Our advice columnists have heard it all over the years. With wedding season upon us, today we dive into the Care and Feeding archives to share some of the best letters we’ve received the more annoying side of nuptials. Join Slate Plus for even more advice columns.
Dear Care and Feeding,
I thought I was past the age where I would need to be asking a parenting columnist questions (my kids are grown, mostly successfully!), but here I am. My daughter is getting married to a nice enough guy whose parents are from a conservative, old-fashioned background. That hadn’t been an issue before now, but wedding planning has become extremely contentious.
We’re doing … OK? … financially. Our home isn’t paid off, but we don’t have a lot of debt and are trying to think ahead to retirement, not that “retirement” is in the cards for most people anymore. This is all well and good, but her fiancé’s family has made it clear that they expect us to pay for the kids’ entire wedding, which they have very particular plans for. Her fiancé is their youngest, and they’ve apparently paid for their two daughters’ weddings in recent years and think it’s their turn now.
We don’t mind contributing something, but we certainly can’t throw a big white wedding for 250 guests on our own dime without going heavily into debt for it. I am having a tough time communicating this before plans get completely out of hand. Help!
—Father of the Bride
Dear Father of the Bride,
You can give one extremely priceless gift to the engaged couple right away: complete transparency. Sit down with them, minus his parents, and say that you’ve crunched the numbers and you can commit to contributing X amount to the wedding. You want to make sure, you can say, that they have that information before they start putting deposits down. I recommend literally having a check made out for that amount, to avoid getting drawn into haggling.
It is immaterial to me (and you) if the groom’s parents have already paid for a thousand weddings for a thousand daughters. That’s their business, just as your money is your business. Ideally, the engaged couple will have the decency to thank you and take the check and downgrade their plans accordingly. If you wish to first talk to your daughter about this before looping in her fiancé, that’s fine too.
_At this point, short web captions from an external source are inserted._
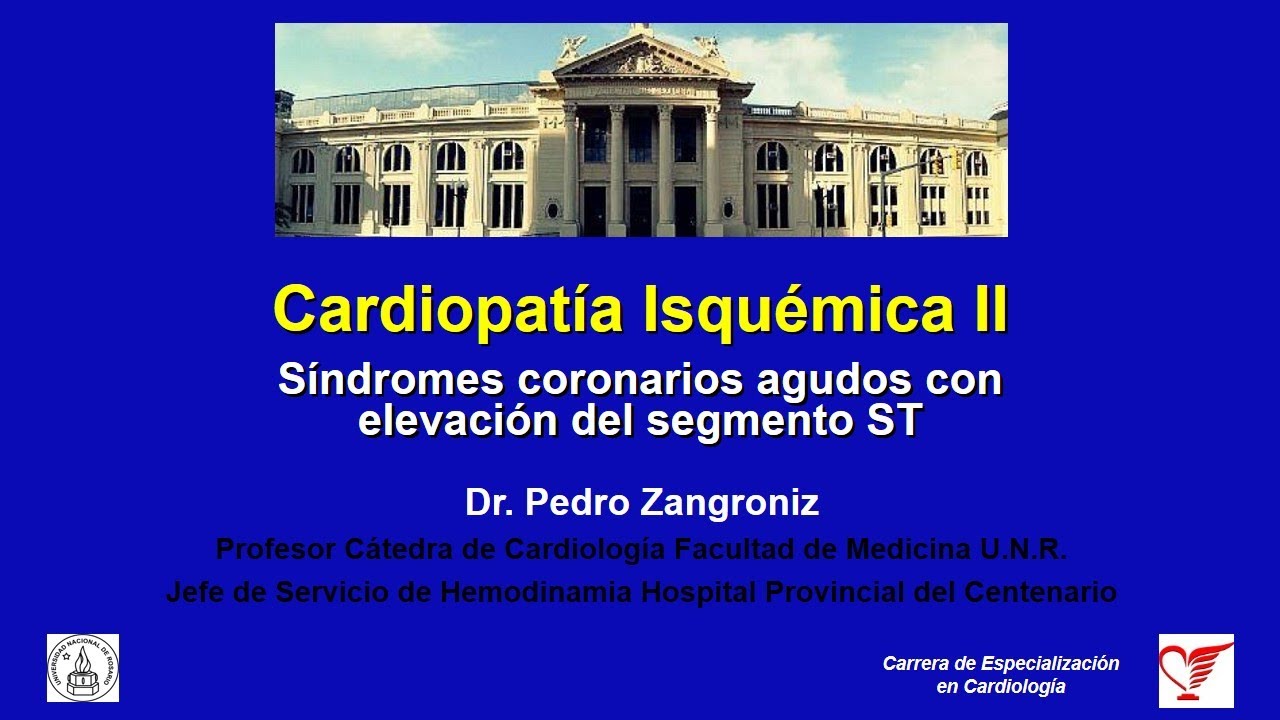 CARDIOPATIA ISQUEMICA II Sindromes Coronarios agudos CON elevacion del segmento ST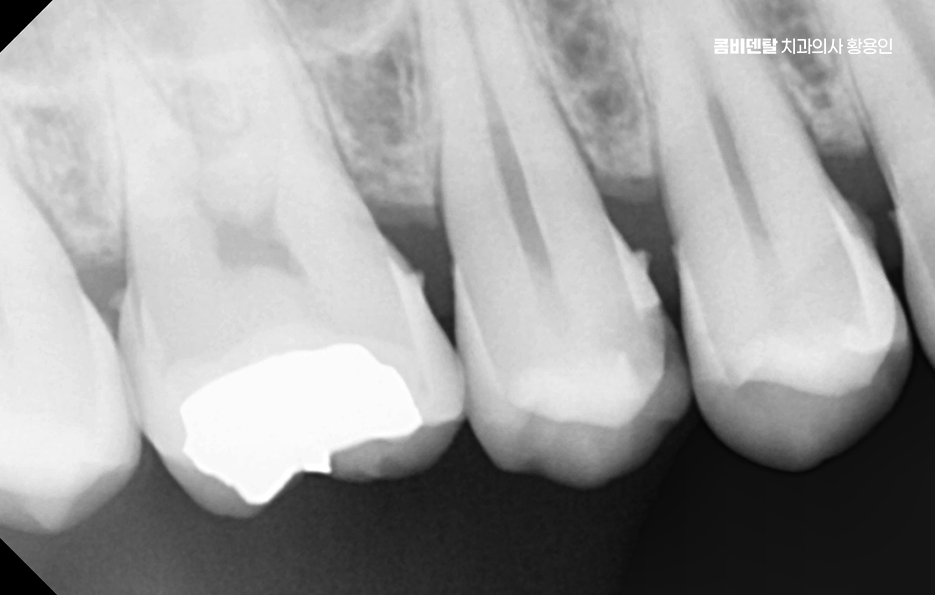 충치 치아 깨짐 시점이 관건이라면 관련 이미지 6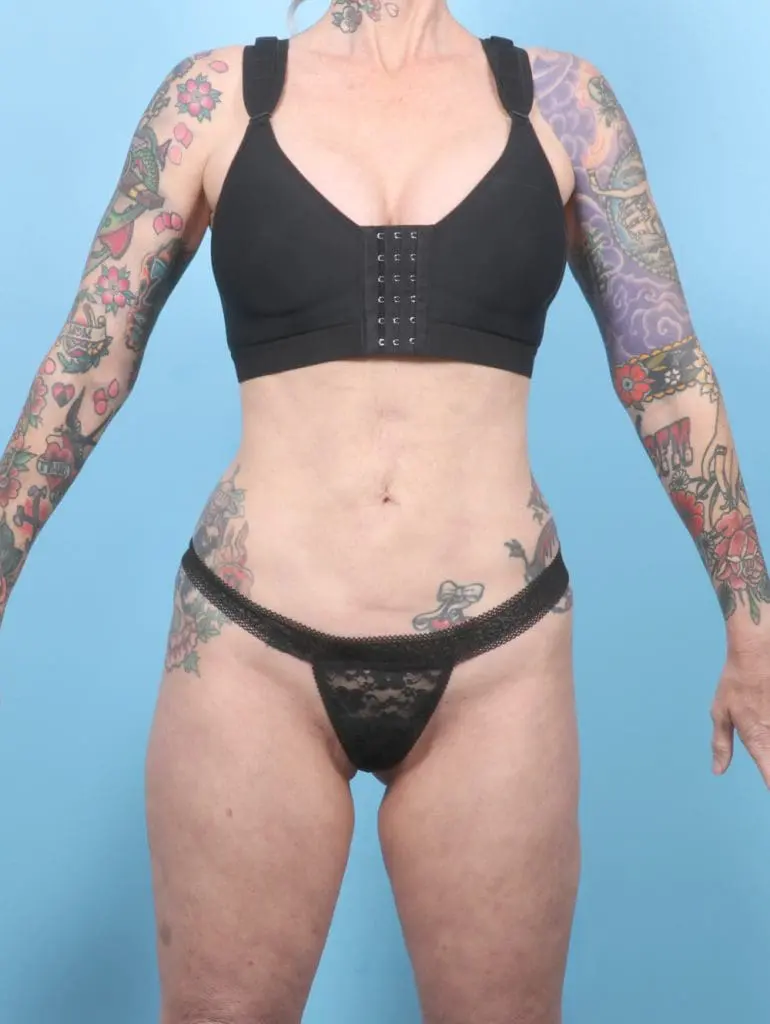 Tummy Tuck - Case 58707 - Before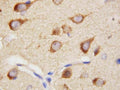 IHC staining of FFPE rat brain tissue with PPID antibody. HIER: boil tissue sections in pH8 EDTA for 20 min and allow to cool before testing.
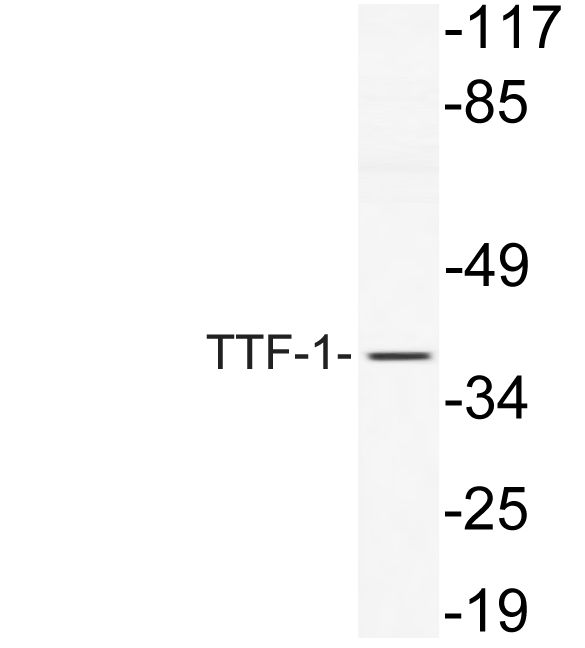 TTF-1兔多抗,TTF-1 Rabbit Polyclonal Antibody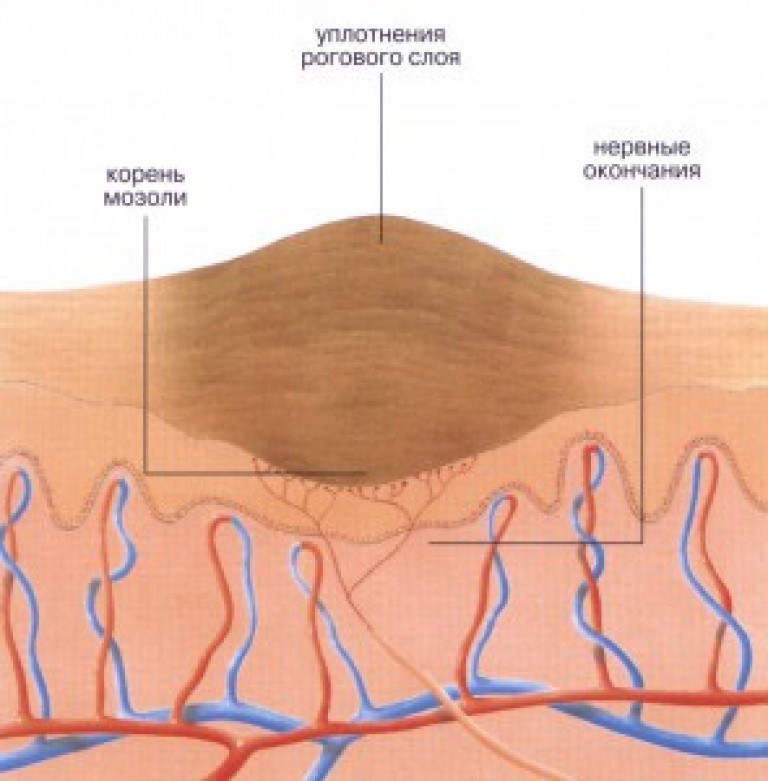 Нервная кожа. Стержневая мозоль внутри строение. Строение стержневой мозоли.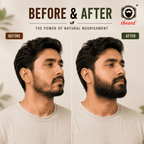 ibeard Natural Beard Growth Oil (50ml)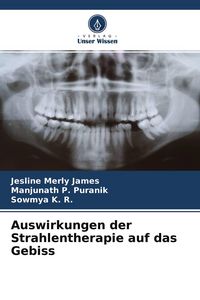 Produktbild: Auswirkungen der Strahlentherapie auf das Gebiss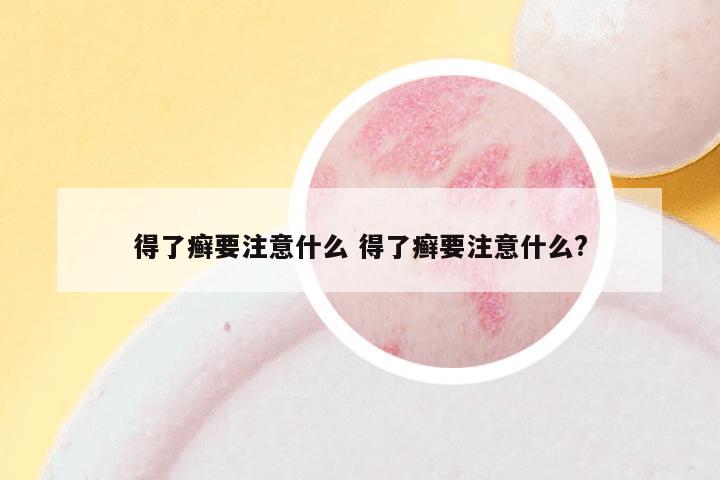 得了癣要注意什么 得了癣要注意什么?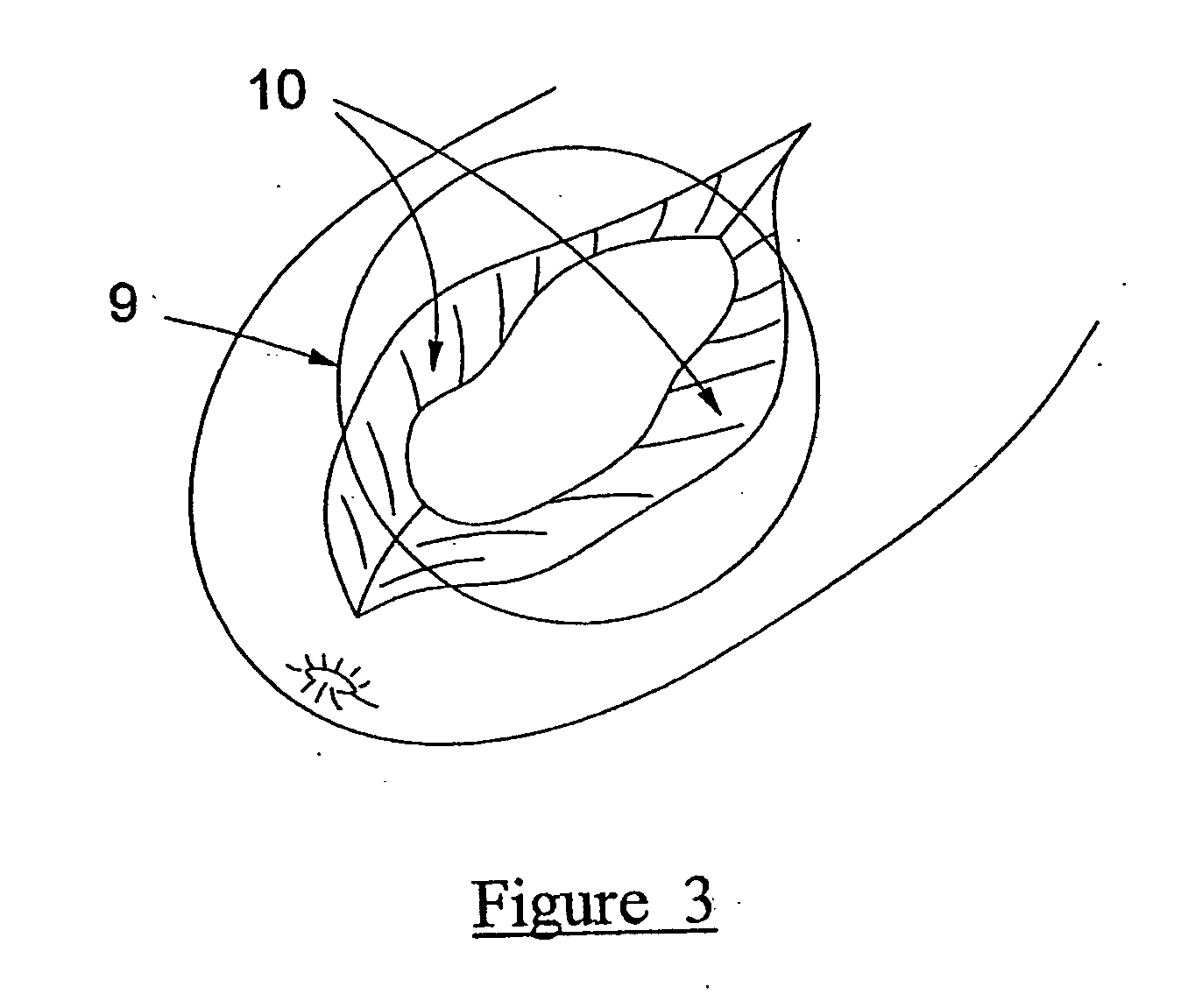 Injection formulation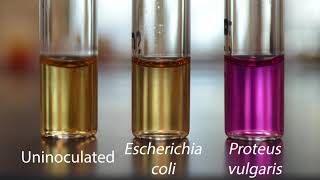 Demo Biochemical Tests  Urease Test [upl. by Drahcir]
What you must avoid is getting into an argument about this with the groom’s parents. You can remain pleasant and smiling and firm and committed to contributing the number previously stated. If his parents are determined to throw the wedding of the season, God bless. You’ve done nothing wrong, and it’s not 1952. The vast majority of wedding costs are now shouldered by the bride and groom with contributions from both sets of parents. Allow no guilt trips on this point! — Nicole Cliffe
From: “My Daughter’s Fiancé’s Parents Think We’re Paying for the Wedding.” (Nov. 16, 2018)
Dear Care and Feeding,
I recently torpedoed my close family when the topic of my cousin’s wedding came up. My cousin is getting married in a foreign country at a five-star, all-inclusive resort. Guests are required to stay a minimum of three nights. My family wouldn’t normally choose a very expensive all-inclusive hotel as our vacation of choice, so we asked if we could either stay at an Airbnb off-site, or simply fly in for the wedding itself, but not stay for three nights. We were told no. The couple wants the family there for the full three days.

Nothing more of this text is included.